Czy rozgrzewanie auta podczas postoju to dobry pomysł?

Home » Fakty, mity, stereotypy » Czy rozgrzewanie auta podczas postoju to dobry pomysł?
Czas czytania artykułu: 3 minut

 

Temperatury oscylujące w okolicy zera to nie tylko wyzwanie dla rynku odzieżowego, ale również motoryzacyjnego. Każdy właściciel czterech kółek doskonale zdaje sobie sprawę, że w tym okresie musi liczyć się nie tylko z większym zużyciem akumulatora, ale także podwyższonym spalaniem, ze względu na dłuższy czas rozgrzania jednostki napędowej i większą ilość energii potrzebnej do jej rozruchu. Dlaczego tak jest? Zimą jak nigdy przydaje się elektryczne ogrzewanie, dogrzewanie szyb oraz wiele innych układów elektronicznych, które mają zapewnić nam bezpieczeństwo w tych niesprzyjających warunkach. Warto więc szukać sposobu na oszczędności, a do tego przydatna jest wiedza na temat niektórych prawidłowości związanych z ograniczeniem zimowego spalania. Czy rozgrzewanie auta podczas postoju to dobry pomysł? Sprawdźmy to!

W opinii ekspertów

Zwracając się z tym dylematem do ekspertów, niemal na pewno można usłyszeć, że rozgrzewanie auta na postoju wcale nie jest pomocne, jeśli ma się zamiar zmniejszyć zużycie paliwa w normalnym użytkowaniu podczas dojazdów do pracy, sklepu, domu, czy w innej ważnej sprawie. Dlaczego tak jest? Po pierwsze, za takie zachowanie grozi mandat, gdyż przyczynia się ono do zwiększenia emisji spalin. Poza tym specjaliści podkreślają w swoich opiniach, że:
– rozgrzanie się silnika podczas postoju trwa dłużej, a więc i zużycie paliwa jest wówczas większe,
– przekraczanie w takich warunkach 2000 obrotów na minutę także przyczyni się do jeszcze większego spalania,
– o wiele bardziej odpowiedzialnym zachowaniem jest utrzymanie płynności jazdy, a gdy na jezdni zalega śnieg, trzymanie się kolein odciśniętych przez koła aut innych kierowców.

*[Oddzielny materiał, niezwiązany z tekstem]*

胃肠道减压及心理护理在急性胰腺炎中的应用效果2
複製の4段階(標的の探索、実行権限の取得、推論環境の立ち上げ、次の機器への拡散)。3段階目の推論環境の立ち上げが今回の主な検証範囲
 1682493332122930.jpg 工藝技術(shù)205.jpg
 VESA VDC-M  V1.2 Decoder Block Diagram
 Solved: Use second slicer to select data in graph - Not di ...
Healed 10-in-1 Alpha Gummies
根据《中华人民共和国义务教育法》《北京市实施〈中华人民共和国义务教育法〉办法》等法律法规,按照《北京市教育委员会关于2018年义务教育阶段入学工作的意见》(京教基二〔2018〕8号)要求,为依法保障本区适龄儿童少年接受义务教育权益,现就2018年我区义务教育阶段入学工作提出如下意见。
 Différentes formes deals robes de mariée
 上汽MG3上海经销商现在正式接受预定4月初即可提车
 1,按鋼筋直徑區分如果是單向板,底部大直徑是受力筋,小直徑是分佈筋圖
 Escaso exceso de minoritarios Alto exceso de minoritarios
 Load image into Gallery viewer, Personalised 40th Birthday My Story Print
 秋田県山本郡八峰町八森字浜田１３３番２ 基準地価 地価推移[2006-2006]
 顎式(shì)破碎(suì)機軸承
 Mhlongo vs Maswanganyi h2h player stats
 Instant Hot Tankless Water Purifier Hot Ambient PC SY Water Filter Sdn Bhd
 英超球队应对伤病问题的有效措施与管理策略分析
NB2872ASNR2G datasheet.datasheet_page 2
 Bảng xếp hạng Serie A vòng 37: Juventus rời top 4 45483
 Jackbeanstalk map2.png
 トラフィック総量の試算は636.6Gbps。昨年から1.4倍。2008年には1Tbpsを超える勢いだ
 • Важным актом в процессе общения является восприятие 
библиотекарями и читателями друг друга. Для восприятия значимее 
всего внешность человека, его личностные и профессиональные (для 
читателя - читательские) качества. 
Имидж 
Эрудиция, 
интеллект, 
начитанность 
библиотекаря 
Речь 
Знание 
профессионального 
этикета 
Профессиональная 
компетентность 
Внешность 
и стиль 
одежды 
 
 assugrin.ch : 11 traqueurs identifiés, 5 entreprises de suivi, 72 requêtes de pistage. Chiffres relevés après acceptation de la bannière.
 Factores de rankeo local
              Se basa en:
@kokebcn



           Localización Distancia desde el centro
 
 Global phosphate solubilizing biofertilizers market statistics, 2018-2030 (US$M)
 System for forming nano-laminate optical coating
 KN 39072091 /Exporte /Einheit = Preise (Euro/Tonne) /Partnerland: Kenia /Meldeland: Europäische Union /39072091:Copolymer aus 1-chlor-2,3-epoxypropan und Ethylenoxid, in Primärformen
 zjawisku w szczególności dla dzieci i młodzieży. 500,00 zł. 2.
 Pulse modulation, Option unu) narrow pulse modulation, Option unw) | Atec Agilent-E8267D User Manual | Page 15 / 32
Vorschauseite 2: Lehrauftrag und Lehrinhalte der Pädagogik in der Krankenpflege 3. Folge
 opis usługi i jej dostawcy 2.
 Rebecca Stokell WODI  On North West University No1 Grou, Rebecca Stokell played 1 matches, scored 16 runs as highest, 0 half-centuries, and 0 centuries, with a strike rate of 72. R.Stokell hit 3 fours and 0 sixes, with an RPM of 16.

Rozgrzewanie auta na postoju – perspektywa techniczna

Jak zapewne większość z was wie, aby ogrzać silnik przy minusowych temperaturach potrzeba dużo większej energii, niż gdy wskazania termometrów utrzymują się powyżej zera. Z perspektywy technicznej nie można zapomnieć również o tym, że:
– oleje i smary w takich warunkach zwiększają swoją gęstość, a więc generują większy opór,
– jazda na niższym biegu w tym okresie, przy równoczesnym zwiększeniu obrotów, również nie pomoże kierowcy zaoszczędzić na wizycie na stacji paliw,
– wiele do powiedzenia w tej sprawie ma technika jazdy i nawyki kierowcy (również, jeśli chodzi o korzystanie z elektroniki wewnątrz pojazdu),
– zima to czas, gdy straty ciepła są ogromne (zarówno w komorze silnika, jak i chłodnicy).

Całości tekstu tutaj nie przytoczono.